## SOURCE DATA:
=== Begin Enclosure ===
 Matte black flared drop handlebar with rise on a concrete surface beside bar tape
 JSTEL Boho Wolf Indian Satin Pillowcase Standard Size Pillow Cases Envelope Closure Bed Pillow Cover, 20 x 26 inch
=== End Enclosure ===
=== Begin Enclosure ===
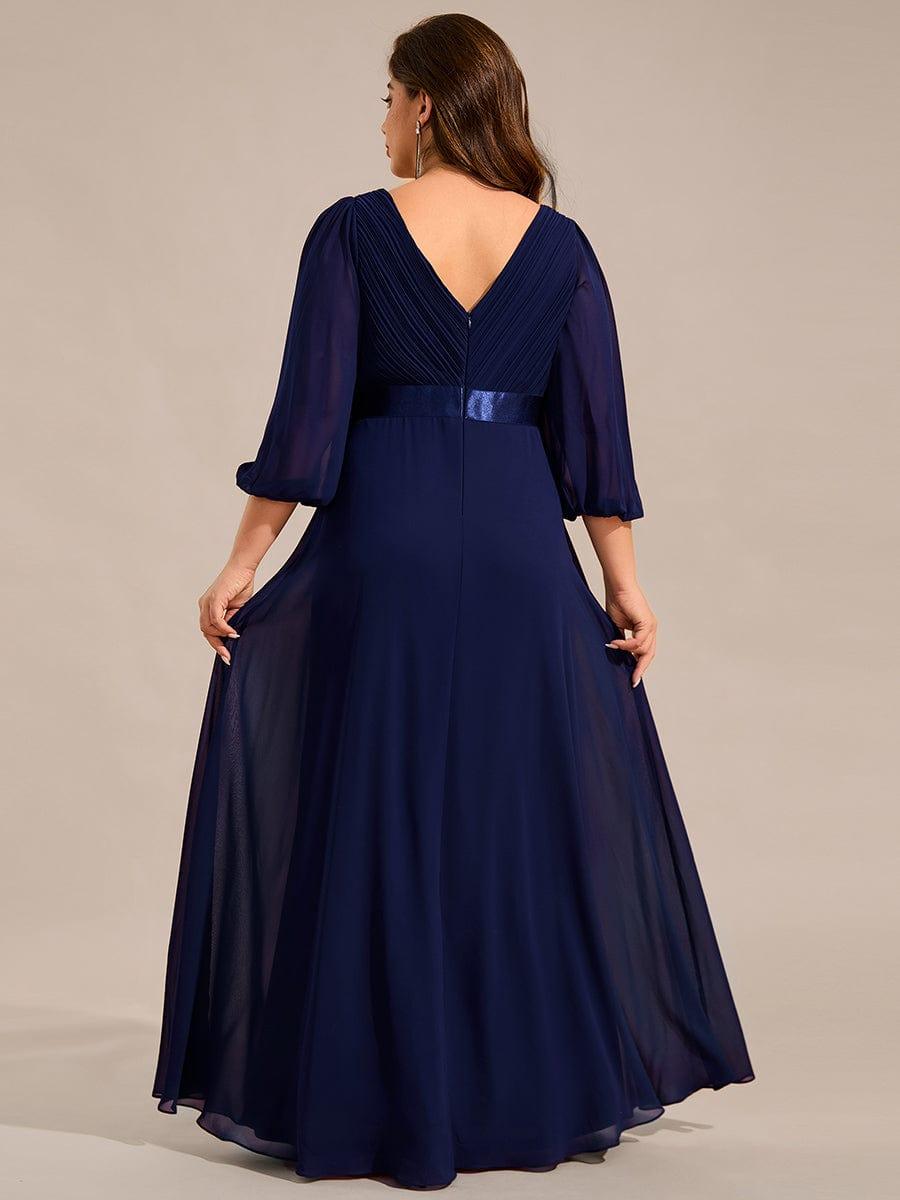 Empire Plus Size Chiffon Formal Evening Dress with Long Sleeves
=== End Enclosure ===
## INSTRUCTIONS TO FOLLOW:
From the records above, transcribe without alteration every line from the one with "Matte black flared" to the one with "JSTEL Boho Wolf", inclusive.

## PROBLEM SOLUTION:
 Matte black flared drop handlebar with rise on a concrete surface beside bar tape
 JSTEL Boho Wolf Indian Satin Pillowcase Standard Size Pillow Cases Envelope Closure Bed Pillow Cover, 20 x 26 inch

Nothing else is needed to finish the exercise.